Mário Centeno formalmente designado governador do Banco de Portugal

Pedro Nunes

O atual governador do Banco de Portugal terminará o seu mandato a 7 de Julho.

O primeiro-ministro entregou esta quinta-feira ao Presidente da Assembleia da República uma carta onde manifesta a intenção do Governo em designar Mário Centeno para o cargo de Governador do Banco de Portugal, lê-se num comunicado enviado pelo Executivo de António Costa.

Esta designação de Centeno era amplamente esperada, apesar dos partidos da oposição, a 9 de Junho, terem votado na generalidade numa lei que, se for aprovada na votação final global a 3 de julho, sobre um perí­odo de nojo de até cinco anos antes que um ex-ministro se possa tornar governador do banco central.

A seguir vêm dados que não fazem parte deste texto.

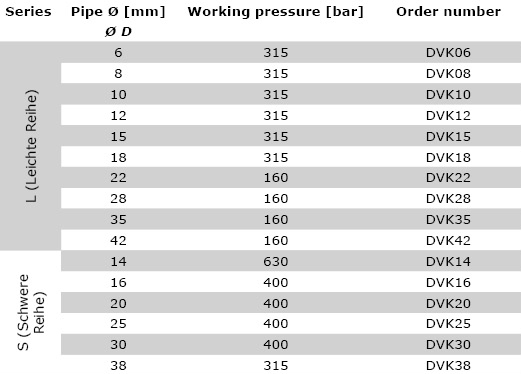 Technical data DVK - Blanking plugs for cones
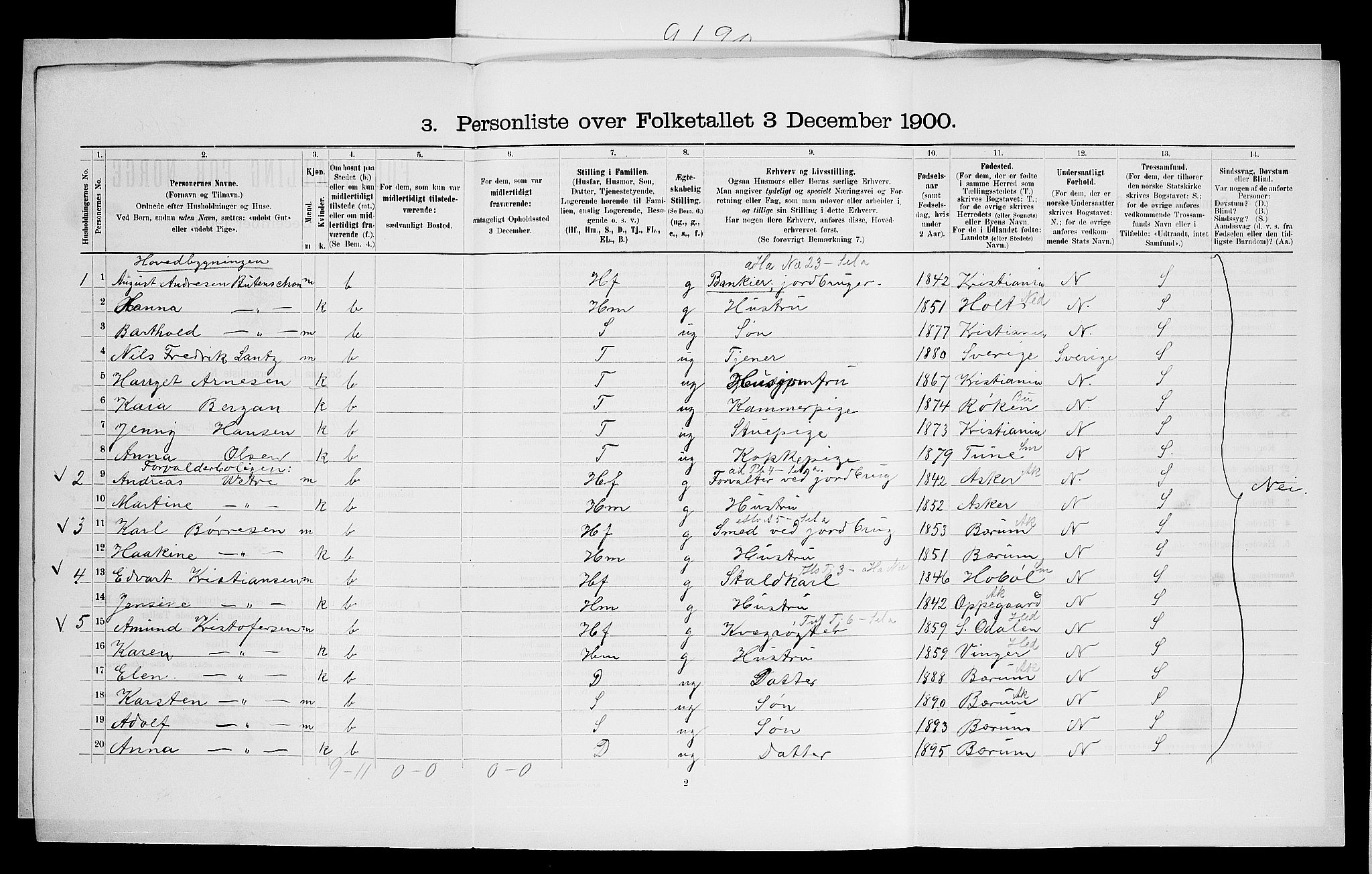 SAO, 1900 census for Aker, 1900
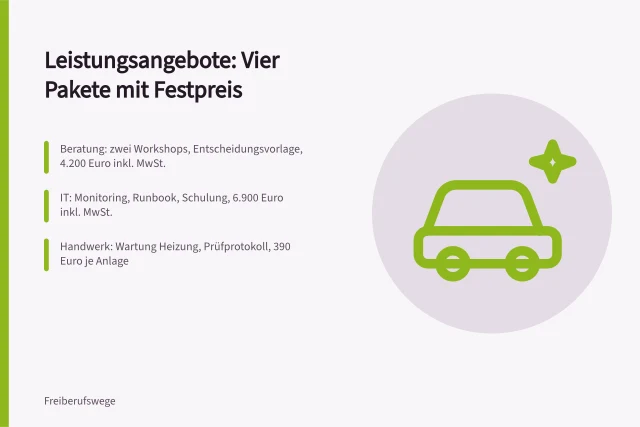 Vergleichstabelle mit vier Leistungspaketen, Umfang, Ergebnis und Festpreisen. Leistungsangebote mit 4 Beispielen für Beratung, IT, Handwerk und Text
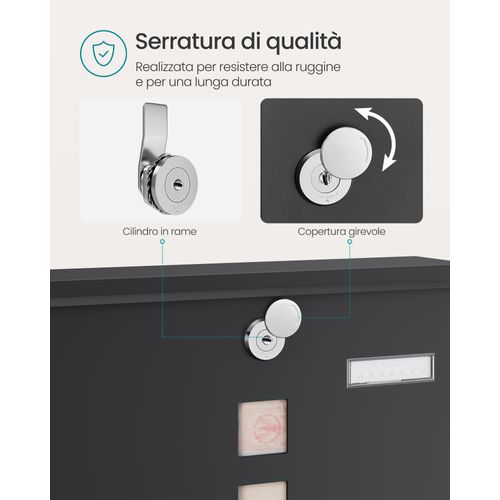 Boîte Aux Lettres Murale, Avec Serrure, Porte-nom, Pour Courriers, Journaux, Magazines, Noir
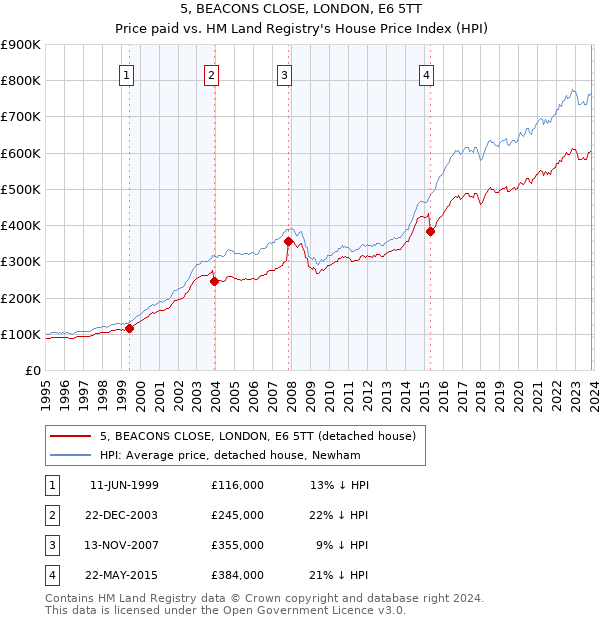 5, BEACONS CLOSE, LONDON, E6 5TT: Price paid vs HM Land Registry's House Price Index
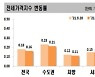 추석 연휴·대출규제, 아파트 매매·전셋값 상승세 꺾여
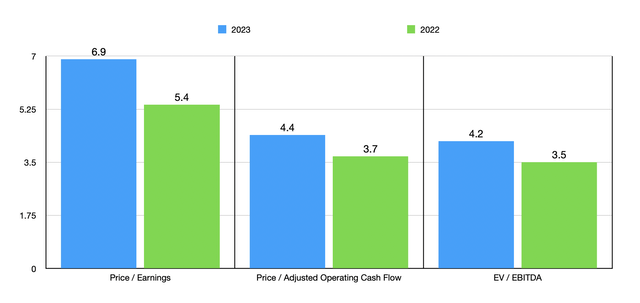 Trading Multiples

Mas, numa nota do seu Gabinete, o primeiro-ministro diz que "entregou hoje, 25 de junho de 2020, ao Presidente da Assembleiada República uma carta onde manifesta a intenção do Governo em designar Mário Centeno para o cargo de governador do BdP".

Explica que esta nomeação foi proposta do ministro das Finanças, João Leão.

Mário Centeno, que deixou de ser ministro das Finanças de Portugal e está prestes a abandonar a Presidência do Eurogrupo, conseguiu reveter as polí­ticas de austeridade e alcançar em 2019 o primeiro excedente orçamental de Portugal em 45 anos.

Reação do PSD

António Costa tinha transmitido hoje aos partidos a intenção do Governo em relação à sucessão de Carlos Costa no cargo de governador do Banco de Portugal (BdP), adiantando que entre esta quinta-feira e sexta-feira iria formalizar o processo.

O primeiro-ministro transmitiu este dado no final da reunião do Conselho de Ministros, após ser confrontado com o facto de o PSD ter comunicado que o Governo tinha revelado que tencionava propor o seu ex-ministro de Estado e das Finanças Mário Centeno para o cargo de governador do Banco de Portugal, escolha em relação à qual os sociais-democratas se opõem.